Brief descriptive captions

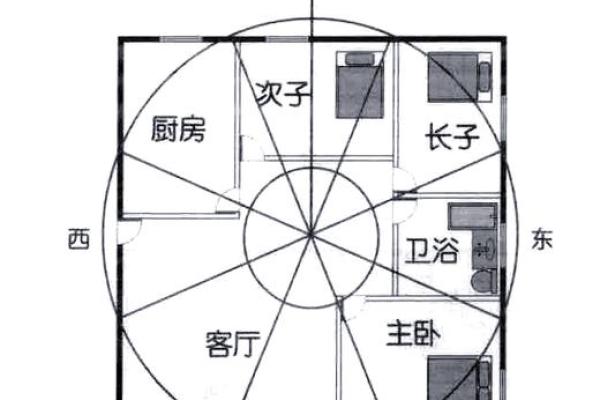 套房风水_套房里的床怎么放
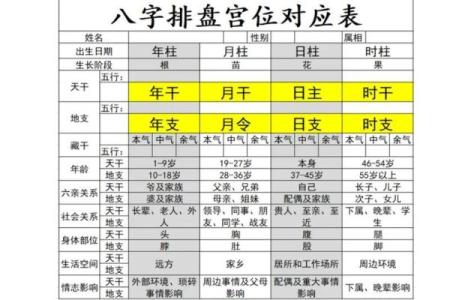 周易测事业方向,免费八字测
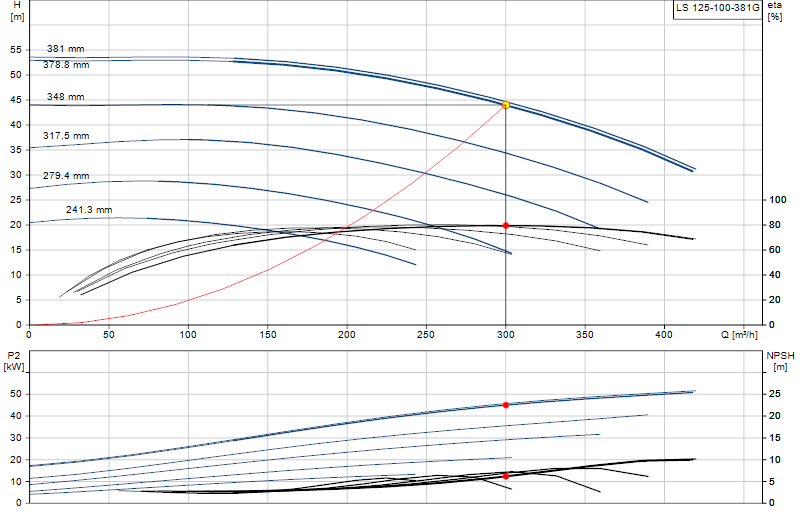 Curva di prestazione LS 125-100-381G
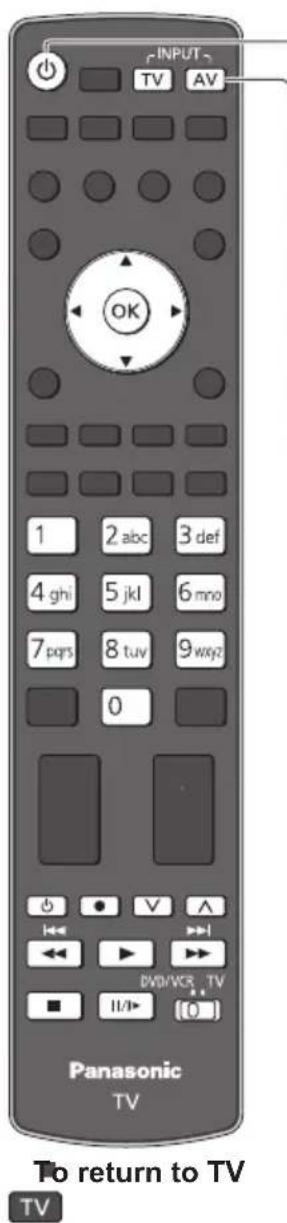 PANASONIC TX-P65VT30B - Watching External Inputs - 1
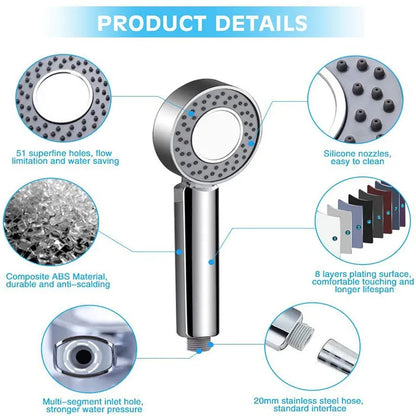 Cabezal de ducha de doble cara de alta presión DecorBites™ con dispensador de gel de ducha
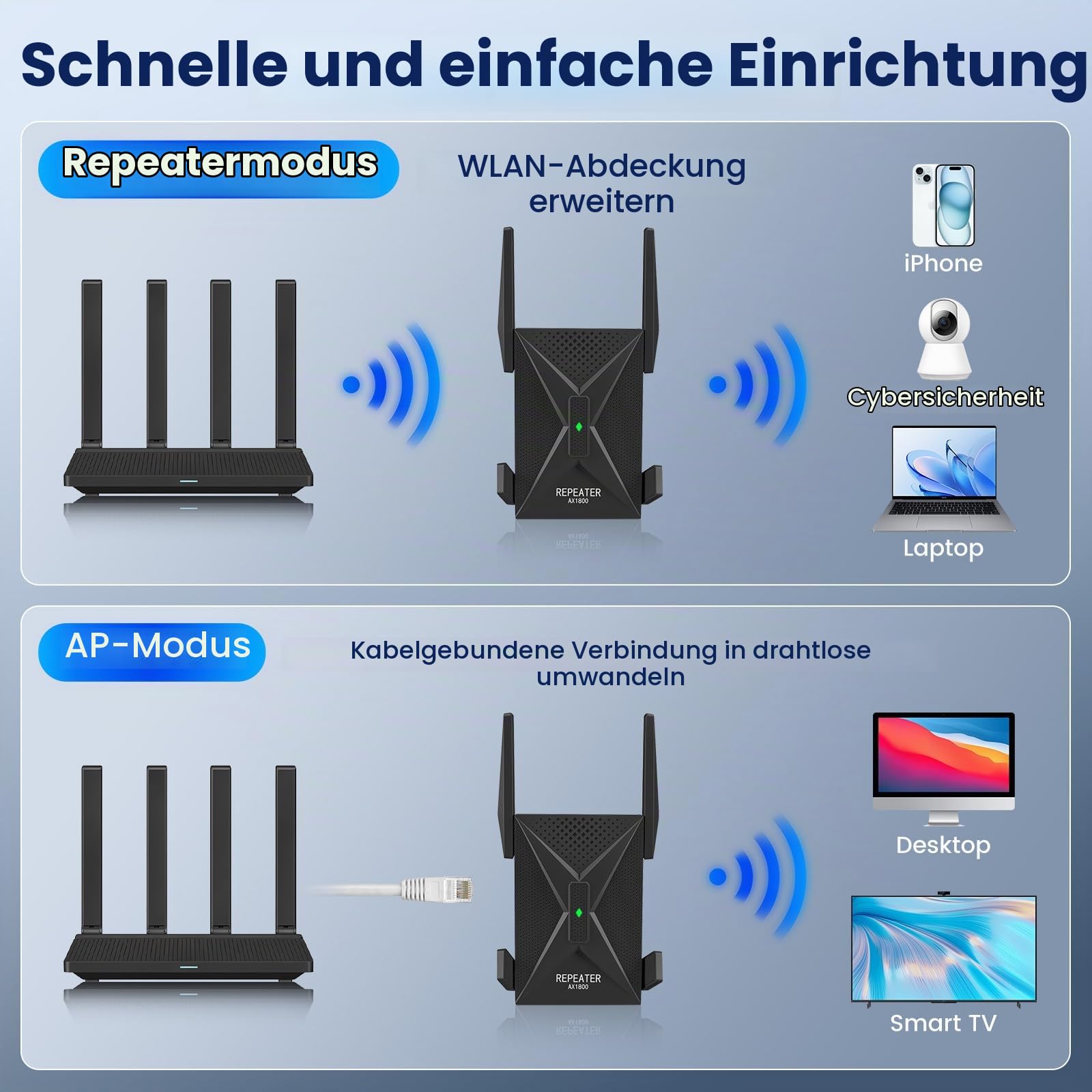WiFi 6 Repeater, 1800Mbps WLAN Verstärker mit Gigabit-LAN, Dual Band WLAN Repeater für Zuhause, Gaming, Smart TV, Kompatibel Allen Standard-WiFi Routern, bis 8000sq.ft 65 Geräten | 5GHz+2.4GHz Dual Band Wlan Repeater, Internet Booster für Zuhause, Gaming,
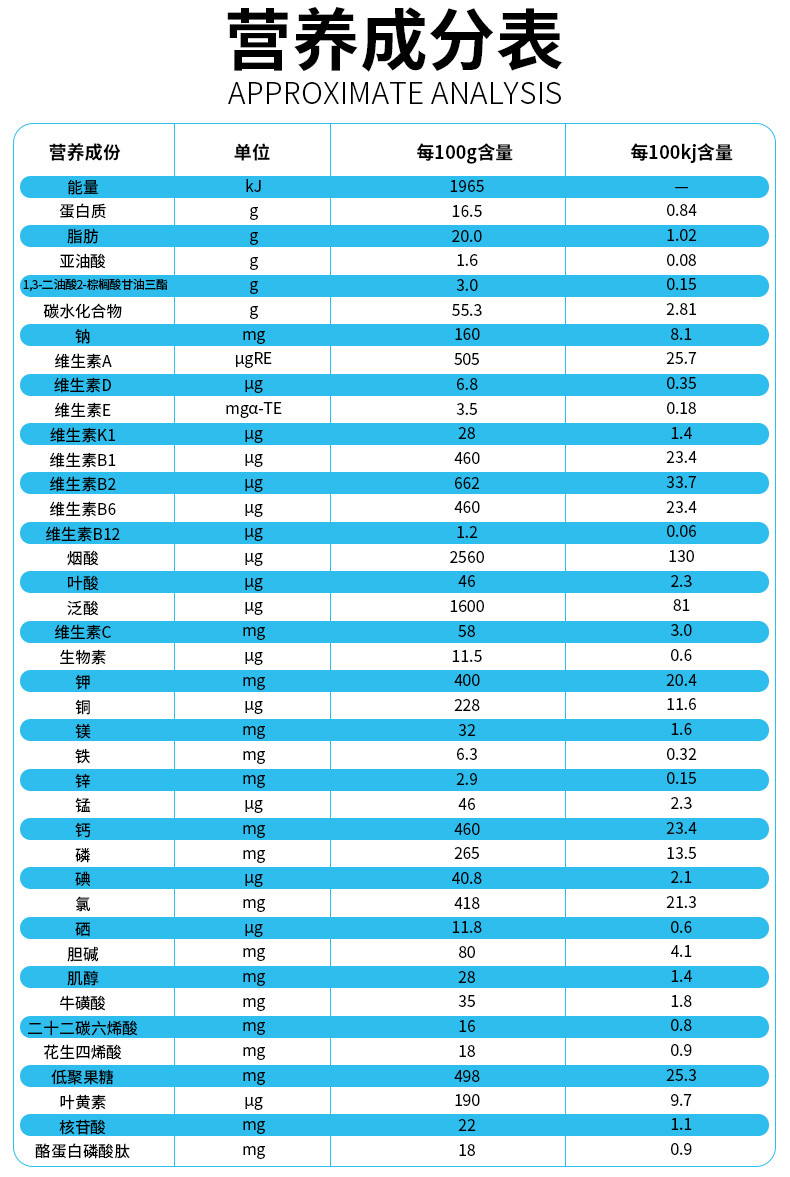 人之初奶粉 爱加力3段较大婴儿配方奶粉 礼盒装 1600g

_Task prompt:_ Nothing but the lines from the one containing "PANASONIC TX-P65VT30B - Watching" through the last line of the records above should appear, each repeated exactly, with no pictures.

_Task output:_
 PANASONIC TX-P65VT30B - Watching External Inputs - 1
 Cabezal de ducha de doble cara de alta presión DecorBites™ con dispensador de gel de ducha
WiFi 6 Repeater, 1800Mbps WLAN Verstärker mit Gigabit-LAN, Dual Band WLAN Repeater für Zuhause, Gaming, Smart TV, Kompatibel Allen Standard-WiFi Routern, bis 8000sq.ft 65 Geräten | 5GHz+2.4GHz Dual Band Wlan Repeater, Internet Booster für Zuhause, Gaming,
 人之初奶粉 爱加力3段较大婴儿配方奶粉 礼盒装 1600g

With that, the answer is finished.